-
Notifications
You must be signed in to change notification settings - Fork 780
Description
When starting a set of validators using gaia v9, built with the race detector, and inside linux/amd64 Docker containers, I was seeing an intermittent but somewhat frequent data race. The top of the stack looked like this:
WARNING: DATA RACE
Write at 0x00c00029d9c8 by goroutine 67:
github.com/tendermint/tendermint/consensus.(*State).reconstructLastCommit()
github.com/tendermint/tendermint@v0.34.26/consensus/state.go:577 +0xb7
github.com/tendermint/tendermint/consensus.(*Reactor).SwitchToConsensus()
github.com/tendermint/tendermint@v0.34.26/consensus/reactor.go:113 +0xd7
github.com/tendermint/tendermint/blockchain/v0.(*BlockchainReactor).poolRoutine()
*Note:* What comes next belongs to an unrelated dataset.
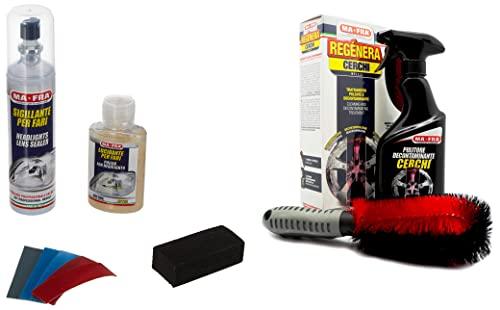 Kit Rigenera Fari e Cerchi Mafra: Trattamento Completo Pulente e Decontaminante
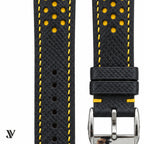 Black Yellow Epsom Rally Leather Watch Strap — stitching detail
github.com/tendermint/tendermint@v0.34.26/blockchain/v0/reactor.go:324 +0x1a73
github.com/tendermint/tendermint/blockchain/v0.(*BlockchainReactor).OnStart.func1()
github.com/tendermint/tendermint@v0.34.26/blockchain/v0/reactor.go:112 +0x3b
Previous read at 0x00c00029d9c8 by goroutine 70:
runtime.racereadrange()
<autogenerated>:1 +0x1b
github.com/tendermint/tendermint/consensus.(*Reactor).updateRoundStateRoutine()
github.com/tendermint/tendermint@v0.34.26/consensus/reactor.go:546 +0x149
github.com/tendermint/tendermint/consensus.(*Reactor).OnStart.func2()
github.com/tendermint/tendermint@v0.34.26/consensus/reactor.go:82 +0x39
Version details are:
- gaia v9.0.0
- cosmos-sdk@v0.45.13-ics
- tendermint v0.34.26
The setup for starting the testnet in this configuration is a bit complicated, but luckily we saw a seemingly identical data race during CI on the Cosmos SDK: https://github.com/cosmos/cosmos-sdk/actions/runs/4295303107/jobs/7485538761#step:6:41
So then I attempted to reproduce that failure. It took more runs than I expected, but I have been able to reproduce it on a Linux docker image. It might reproduce on an M1 Mac, but I didn't see a repro within a few dozen runs. The Linux session looked like this:
$ docker run --rm -it golang:1.19
root@b33bddfadfe0:/go# git clone --depth=1 -b v0.45.15-rc.0 https://github.com/cosmos/cosmos-sdk
root@b33bddfadfe0:/go# cd cosmos-sdk/testutil/network/
root@b33bddfadfe0:/go/cosmos-sdk/testutil/network# echo 'package network_test
import (
"testing"
"github.com/cosmos/cosmos-sdk/testutil/network"
"github.com/stretchr/testify/require"
)
func TestNetwork(t *testing.T) {
n := network.New(t, network.DefaultConfig())
_, err := n.WaitForHeight(1)
require.NoError(t, err)
}' > ./network_test.go
root@b33bddfadfe0:/go/cosmos-sdk/testutil/network# go test -race -c .
root@b33bddfadfe0:/go/cosmos-sdk/testutil/network# i=0; while time ./network.test -test.count=1; do date; echo "$i"; i=$((i+1)); done; echo "failed after $i runs"
PASS
real 1m2.042s
user 0m49.385s
sys 0m22.292s
Thu Mar 2 21:41:22 UTC 2023
0
...Full stack from testnet run: gaia9-race.1.txt
Full stack from a unit test repro run:
unit-test-repro-race.txt
Overall this data race looks about as innocuous as a data race can be. But, because it risks happening at startup, this risks interfering with searches for less innocuous data races in application chains. For example, using GORACE=halt_on_error=1 is meant to stop execution as soon as the first data race is encountered; if this data race happens first, it is an inconvenience that the application will need to be restarted again in hopes of not encountering this data race.